RICHMOND, Va. — Faced with chronic delays of Amtrak passenger trains, a leading rail-advocacy group is calling for more funds to fix the problem.

Virginians for High Speed Rail urged the governor’s rail-advisory board yesterday to back rail projects that help move people, not just freight.

“While the Rail Enhancement Fund has been an effective funding tool for rail projects, we have seen no real investment in passenger rail,” Thomas Tingle, past president of the high-speed rail group, said in a letter read to the Virginia Rail Advisory Board. The board provides advice to the governor on ways to distribute state dollars for rail improvements.

Tingle, an architect and former president of the Williamsburg Area Chamber of Commerce, urged the board to find ways to “flow some dollars directly to passenger rail.”

Virginians for High Speed Rail is a nonprofit group with more than 110 members from business and government from Norfolk to Richmond to Alexandria. It has pursued a passenger-rail agenda for the three-year, $56.8 million state Rail Enhancement Fund.

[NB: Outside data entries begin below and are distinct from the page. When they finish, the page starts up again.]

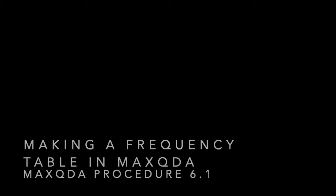This is Cheryl Geisler for Coding Streams of Language. Today we're looking at MaxQDA Procedure 6.1, making a frequency table in MaxQDA.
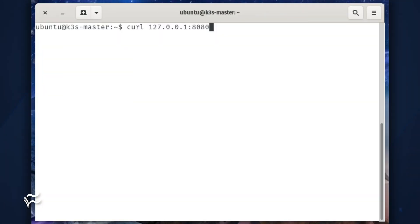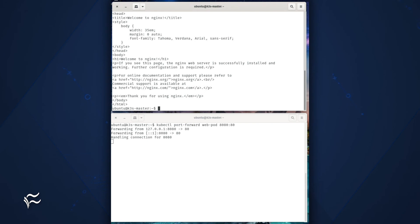To test the port forwarding, access a new session within your deployed container and use the curl command to test the forwarding like so: curl 127.0.0.1:8080. You should see the Nginx welcome page printout and the original terminal window indicating that forwarding is in action.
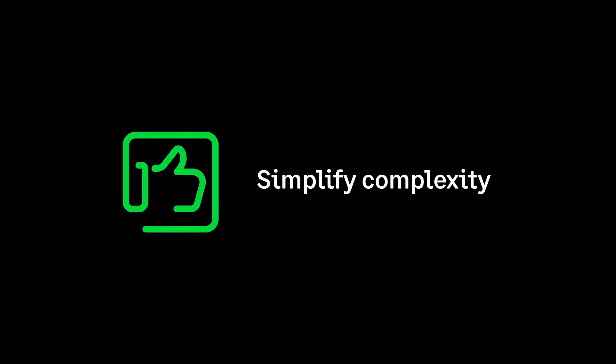Lease accounting simplifies the complexity of lease management for lessees. It makes it easy to comply with new standards.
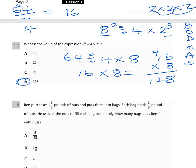Question 15 says: Ben purchases 1 and 1/4 pounds of nuts and puts them into bags. Each bag holds 1/8 pound of nuts. He uses all the nuts to fill each bag completely. How many bags does Ben fill with nuts? We take the total amount of nuts divided by how much one bag can hold, which is 1/8.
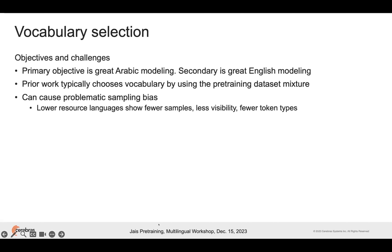The challenges in working with multiple languages are many. Our objectives were great Arabic modeling first, and then secondarily English modeling, and to try to get some transfer between the languages. Arabic is considered a medium resource language, so you want to try to transfer knowledge from English. Prior work typically chooses vocabularies by taking the pre-training set and doing an analysis over the full pre-training set, but if you have languages with lower resources, you tend to lose vocabulary opportunity in those languages unless you try to balance during the vocabulary selection process.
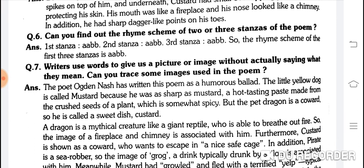Can you find the rhyme scheme of two or three stanzas? In the first stanza: ABAB — first two lines rhyme separately, third and fourth also rhyme separately. Stanza 2: ABAB. Third stanza: ABAB also. So the rhyme scheme of the first stanza is ABAB.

But with the bulk of the first year’s money earmarked for freight rail or related projects, passenger advocates have been frustrated. The board has maintained that improving freight railroad also helps passenger trains in the long run.

Lois Walker, the advocacy group’s president from Alexandria, noted the scarcity of Amtrak service to Richmond’s Main Street Station, which reopened three years ago after a $51.6 renovation.

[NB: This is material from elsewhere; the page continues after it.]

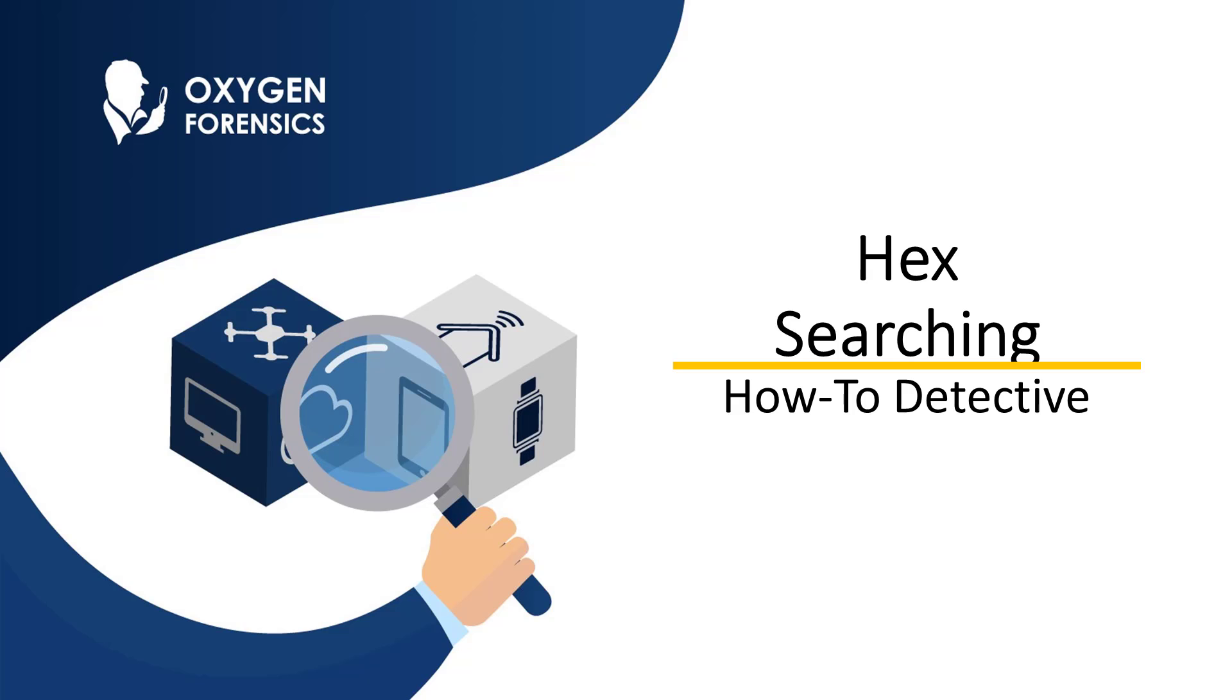Hey there, Detectives! Welcome to Oxygen Forensic's How-To Series, where your Oxygen Forensic training team will provide you with detailed insight into focused areas within Oxygen Forensic Detective.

At a briefing at the Science Museum of Virginia, the board learned about some of the reasons for chronic delays. Thomas Schmidt, Amtrak’s assistant vice president for transportation, reported an average statewide on-time performance of 35 percent. “On time” means trains arrive within 15 minutes of the schedule.

Less than half the trains arrive within 30 minutes of schedule.

By comparison, Amtrak has an 85 percent on-time performance in the Northeast Corridor — between Washington and Boston.

Virginia’s delays are caused by multiple factors, from equipment breakdowns to crowded tracks. In Virginia, Amtrak mostly runs on track owned by freight carrier CSX Corp. “We’re straining the railroad,” Schmidt said later, referring to freight, passenger and commuter rail.

The General Assembly has funded track, bridge and signal improvement north of Richmond, he said, “but the business keeps growing as quickly as we solve the problems.”

Sharon Bulova, head of the state rail-advisory board, said the group must consider a host of issues before it meets in January to decide how to spend $18.3 million in 2007.

But she denied that CSX and Norfolk Southern Corp., the large freight railroads, have gotten too many state dollars. Virginia Railway Express, the publicly-owned commuter rail in Northern Virginia, also has benefited, she said.